Women Who Work by Ivanka Trump
“It’s a sign of how perilous and debased American life has become that people are putting faith in Ivanka Trump, creator of a line of mediocre synthetic workwear, to head off fascism … Ivanka makes [Sheryl] Sandberg look like Rosa Luxemburg … As vapid as Women Who Work is—and it is really vapid—there is a subtle political current running through it, one that helps explain how the socially liberal Ivanka can work for her misogynist ogre of a father. Beneath the inspirational quotes from Oprah and the Dalai Lama and the you-go-girl cheerleading, the message of Women Who Work is that people get what they deserve … Her refusal to acknowledge any contradiction between her feminism, however superficial it is, and her father’s reactionary politics almost feels like gaslighting.”

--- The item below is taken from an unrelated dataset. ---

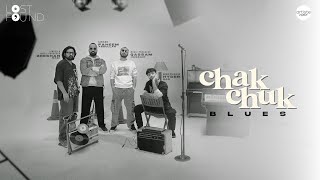 Chak Chuk Blues Music Video I Faheem Abdullah I Zeeshaan Nabi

–Michelle Goldberg (Slate)
Uncommon Type by Tom Hanks
“It’s true that the bulk of these seventeen—seventeen!—stories sound like Tom Hanks movies. Or rather, they are stories that could have been written by an alien whose only exposure to the planet earth is through Tom Hanks movies … This book-shaped object made of cardboard and paper was never going to be a book exactly. It is a gift, something that parents give to their college-bound children as revenge for making themselves difficult to understand … in four hundred pages, there’s hardly even a hint of conflict or a suggestion that American life is anything less than a holiday where everyone rides Schwinn bikes, leaves the immigration office to go bowling, and has a dog named Biscuit. If there’s anything good to observe about Uncommon Type, it’s that Hanks may have accidently revived a long-lost literary form: the idyll, as practiced by Goethe, placid and innocuous pastorals that invoke ornate symbolism … The impregnable constellation we call ‘Tom Hanks,’ with its observations on what life is like a box of, can give no real offense, can do us no lasting harm. But Uncommon Type is pushing it, man, a collection of clichés that only deserves clichés in return.”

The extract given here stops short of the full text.